Hosted by the human rights campaigns groups Black Mental Health UK in association with The 1990 Trust this meeting will inform MPs on what changes need to be made to the Bill in order to address the widespread discrimination within mental health services which health campaigners say has destroyed a generation of Black Briton’s.
Expert panel include:
• Sarah Tether MP for Brent East – chair for Black Mental Health UKs briefing
• Pedro Okorro – chair of African Caribbean Evangelical Alliance and solicitor
• Chinyere Inyama – Mental Health Review Tribunal president and mental health lawyer
• Lee Jasper – chair African Caribbean Mental Health Commission and race advisor to the Mayor of London
• Prof. Suman Fernando – consultant psychiatrist and lecturer and member of the National BME Mental Health Alliance
• Pastor Ade Omooba – founder Coherent and Cohesive
• Andy Bell – chair Mental Health Alliance
• Matilda MacAttram – director of Black Mental Health UK
The Governments announcement to overturn all the amendments made to the Bill during it’s passage in the House of Lords has received widespread condemnation by human rights and race equality groups.
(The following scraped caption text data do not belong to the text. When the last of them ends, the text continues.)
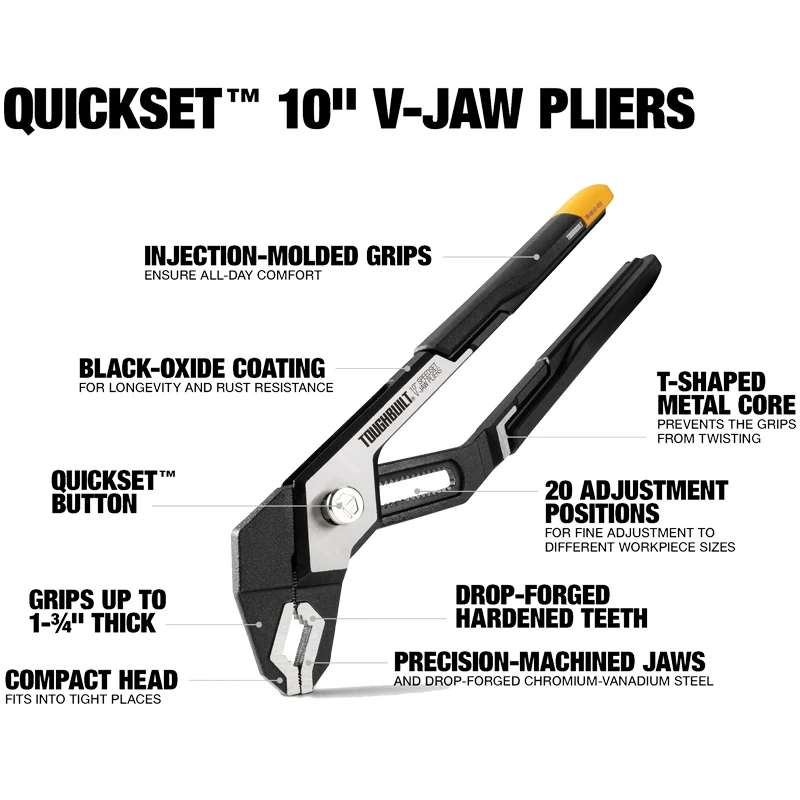 TOUGHBUILT TB-H3-51-V10/TB-H3-51-V12 Jaw SpeedSet Pliers Multi Functional Big Opening Adjustment Water Pump Pliers 10in/12in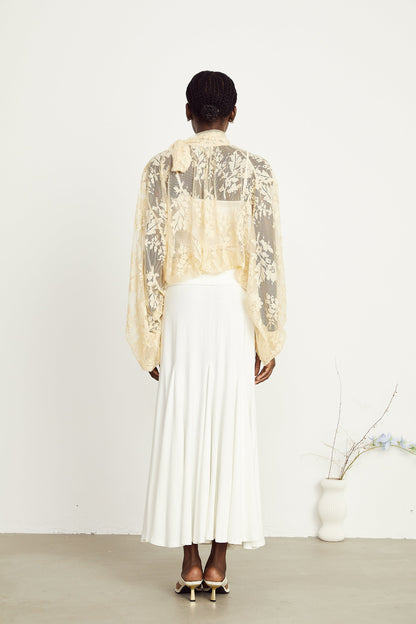 Anaïs pussy-bow embroidered tulle blouse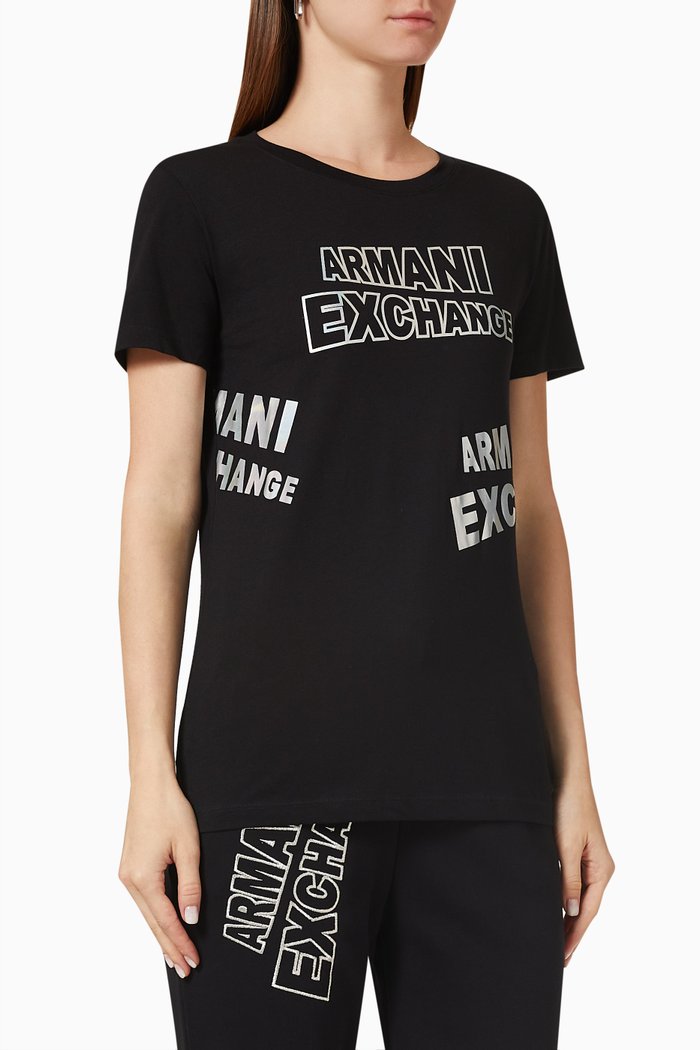 AE Password Logo T-shirt in Cotton, Black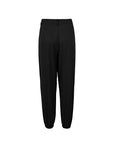 Simple Slot Pocket Elastic Stitching Black Cropped Trousers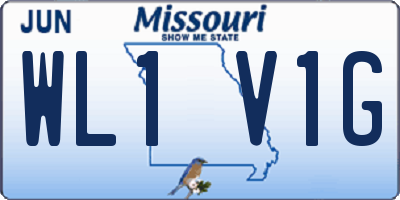 MO license plate WL1V1G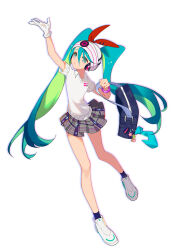 Rule 34 | 1girl, aqua eyes, aqua hair, bag, bag charm, black socks, charm (object), creatures (company), full body, game freak, gloves, green hair, grey skirt, hat, hatsune miku, headphones, highres, indai (3330425), long hair, looking at viewer, multicolored hair, nintendo, parted lips, pokemon, project voltage, psychic miku (project voltage), shirt, shoes, short sleeves, simple background, single glove, skirt, sneakers, socks, solo, twintails, very long hair, vocaloid, white background, white footwear, white gloves, white shirt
News that the select committee debating the Bill in the Commons has voted to overturn the amendment which placed exclusion on the definition of mental disorder this week is seen as a serious blow.
‘Reforming this Bill is a major test of the government’s commitment to race equality and from what we can see from this weeks debate at committee stage there has been outright failure over this issue.
African Caribbean communities have detention rates that are 44% higher than British White people, this means that almost every black family in this country will be effected by this law. This issue is too important for the Government not to listen and take on board our concerns. It beggars belief that rather than pushing for more progressive changes in order to ensure the rights of the most vulnerable in our community we are see moves to widened the gateway by which people are forcibly pushed into a system that is actually damaging for their health,’ Matilda MacAttram, director of Black Mental Health UK said.